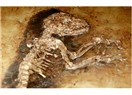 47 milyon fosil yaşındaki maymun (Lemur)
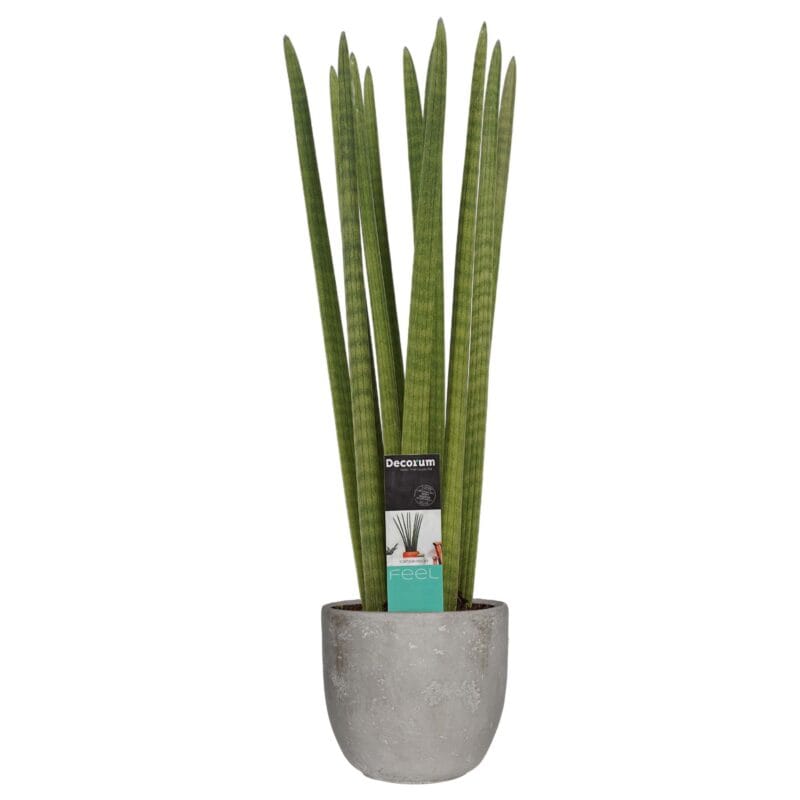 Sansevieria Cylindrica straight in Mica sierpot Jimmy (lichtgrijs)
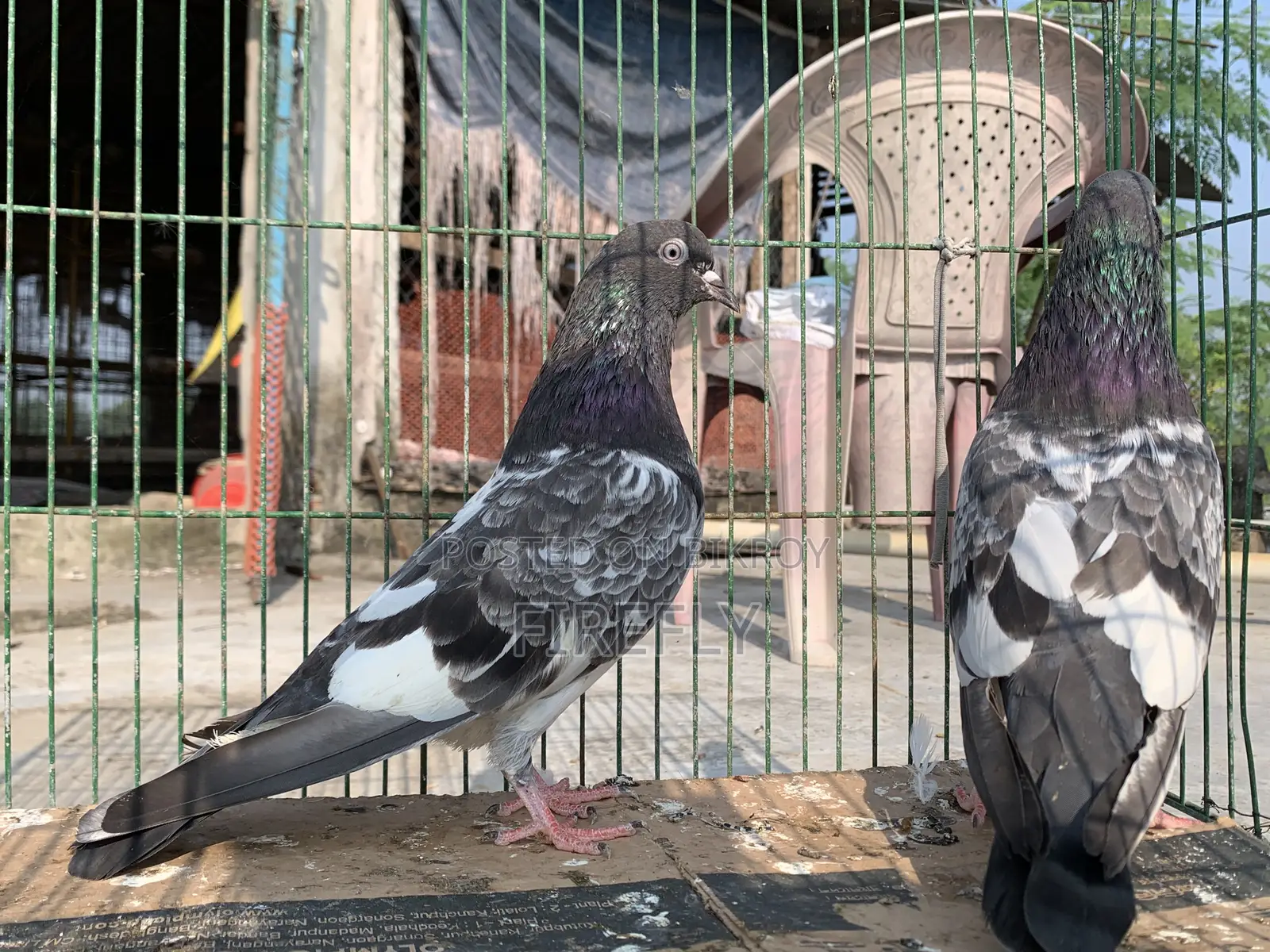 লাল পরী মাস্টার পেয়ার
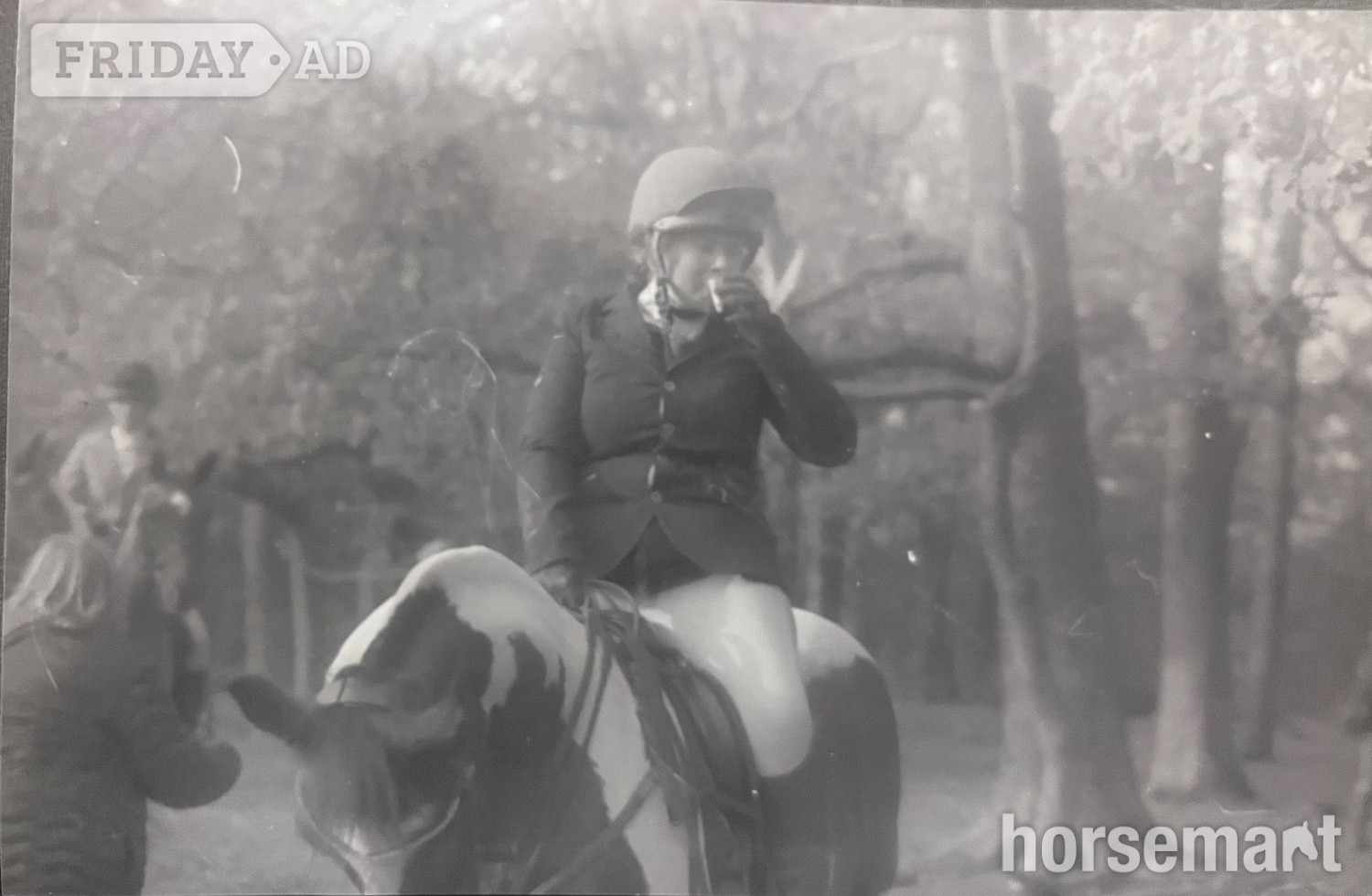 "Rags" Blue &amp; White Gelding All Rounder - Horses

• Task objective:
Give back the material above exactly as written, but omit the images.

• Finished exercise:
 47 milyon fosil yaşındaki maymun (Lemur)
 Sansevieria Cylindrica straight in Mica sierpot Jimmy (lichtgrijs)
 লাল পরী মাস্টার পেয়ার
 "Rags" Blue &amp; White Gelding All Rounder - Horses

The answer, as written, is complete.